(Web page caption snippets)
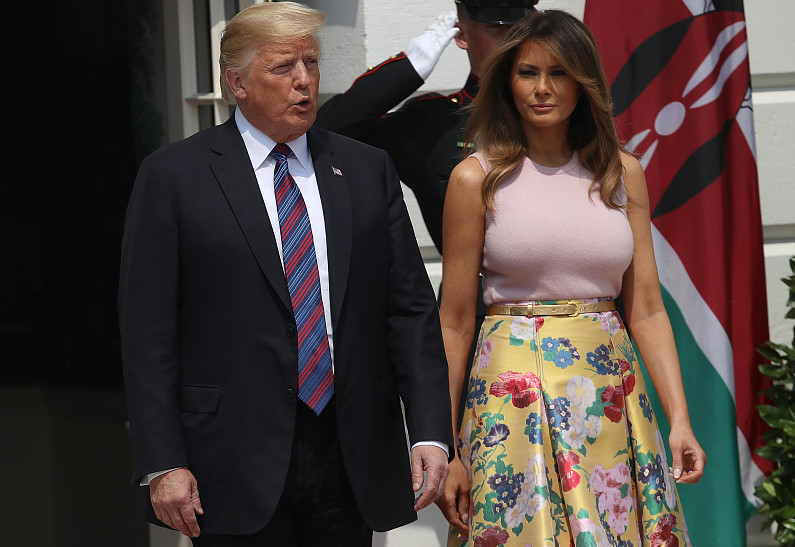 Мелания Трамп занялась садоводством в баснословно дорогом наряде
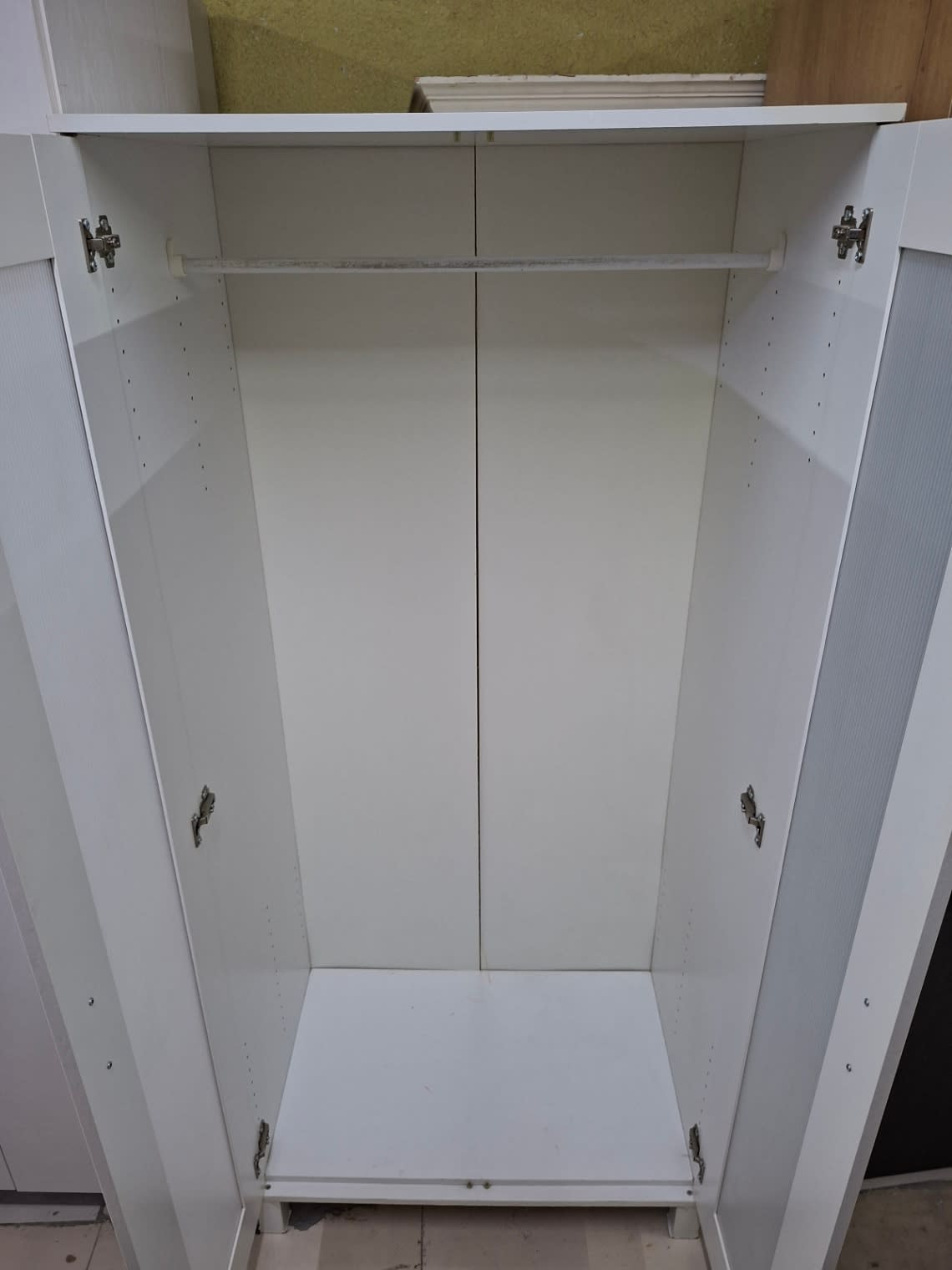 2-Door Wardrobe 2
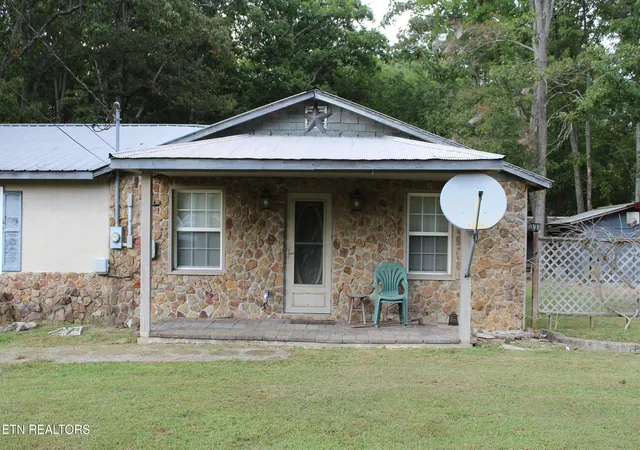 Photo 2 of Sale Pending at 1413 Pennsylvania Ave, Jamestown, TN 38556 | MLS# 1354927 | Listing updated on 2026-10-06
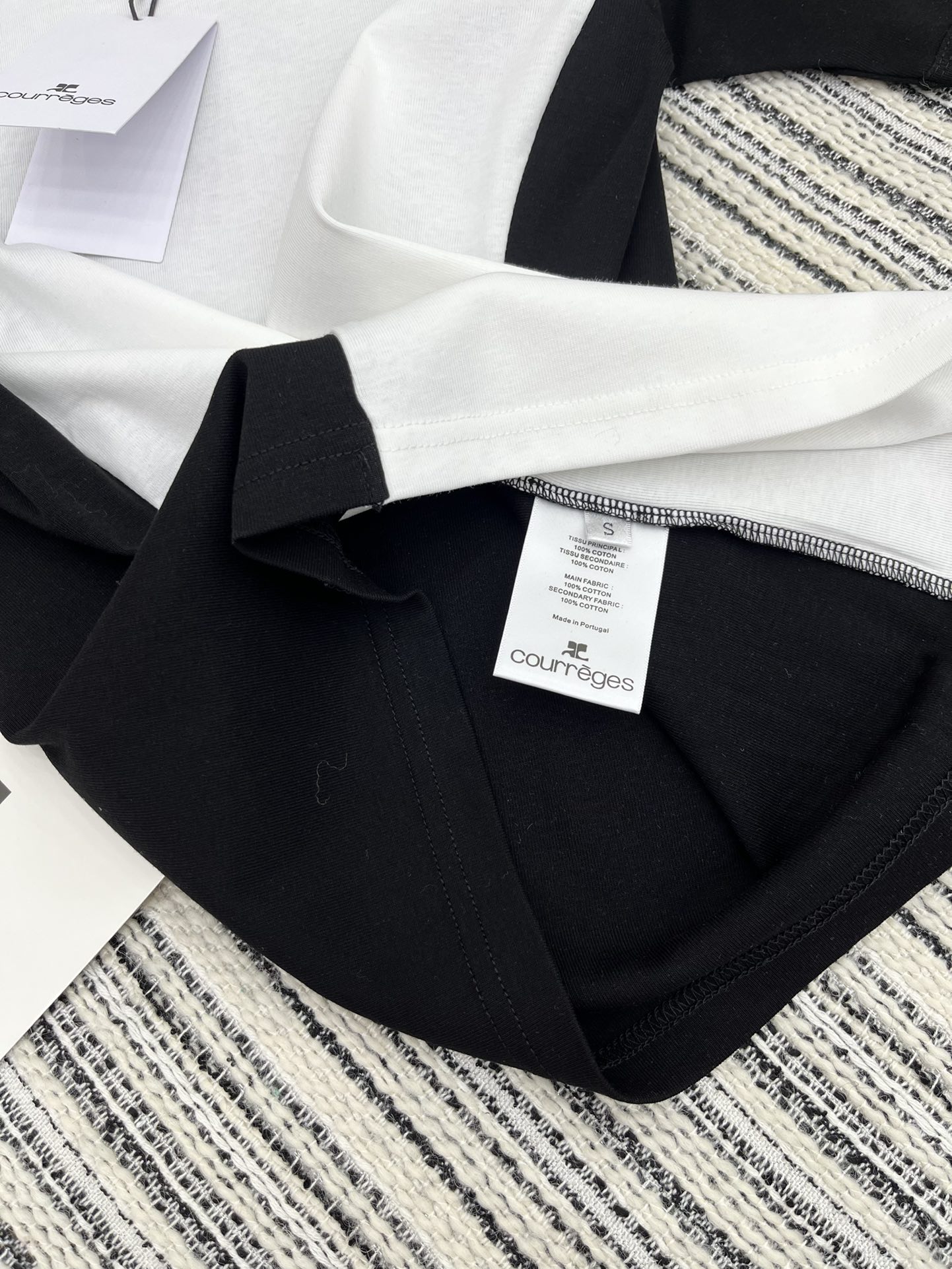High-End Women’s Clothing: Curere Pack 2024 Collection, Customizable Quality, Black & White, Various Sizes - 图片 6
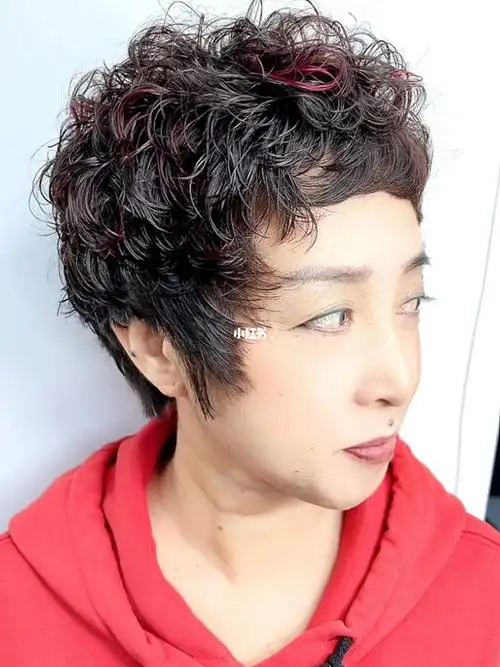 适合50多岁的女士短发烫发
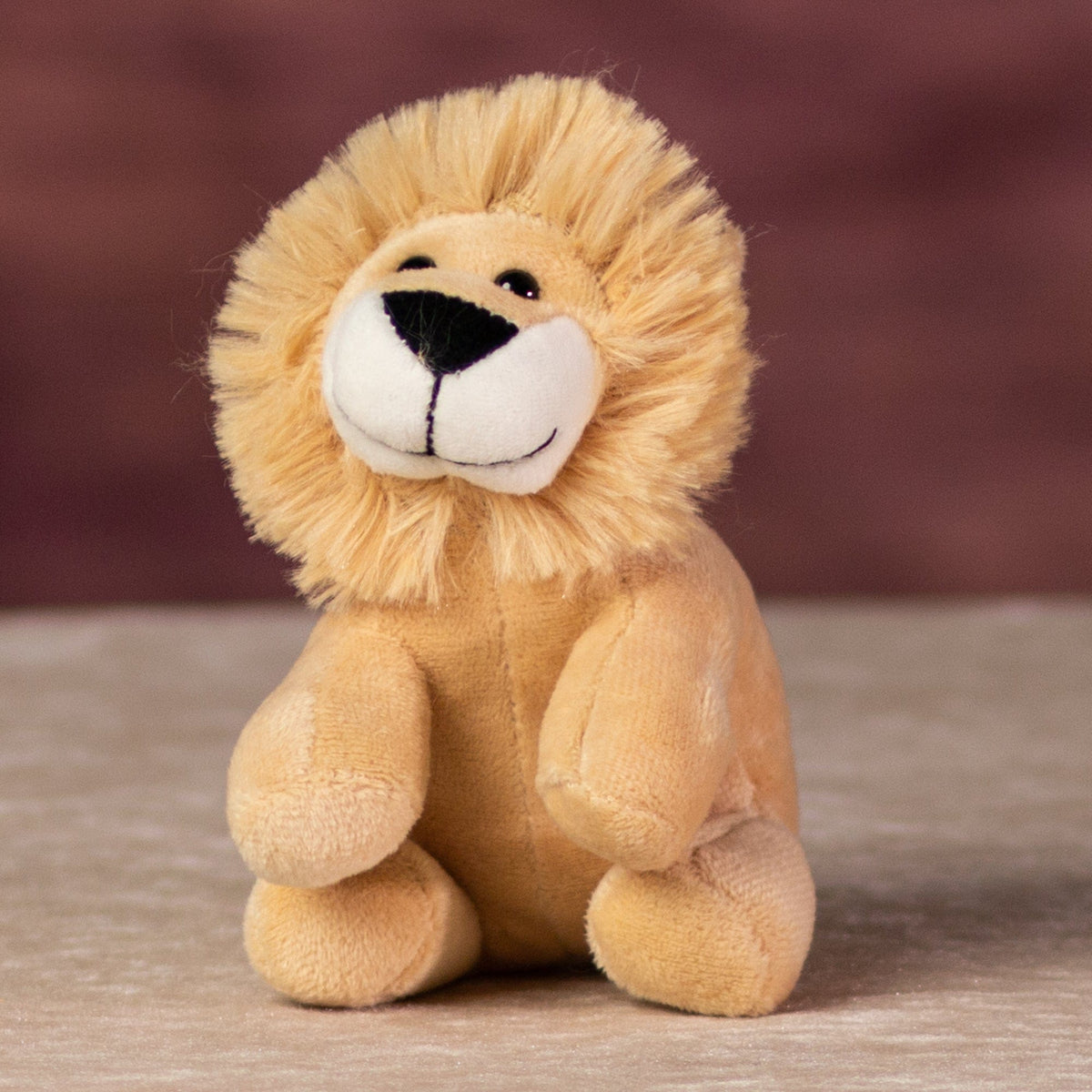 Flying lion stuffed clearance animal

■ **TASK DIRECTIONS**
Set down all of the entries exactly. Leave the pictures out.

■ **RESULT OF THIS EXERCISE**
 Мелания Трамп занялась садоводством в баснословно дорогом наряде
 2-Door Wardrobe 2
 Photo 2 of Sale Pending at 1413 Pennsylvania Ave, Jamestown, TN 38556 | MLS# 1354927 | Listing updated on 2026-10-06
High-End Women’s Clothing: Curere Pack 2024 Collection, Customizable Quality, Black & White, Various Sizes - 图片 6
 适合50多岁的女士短发烫发
 Flying lion stuffed clearance animal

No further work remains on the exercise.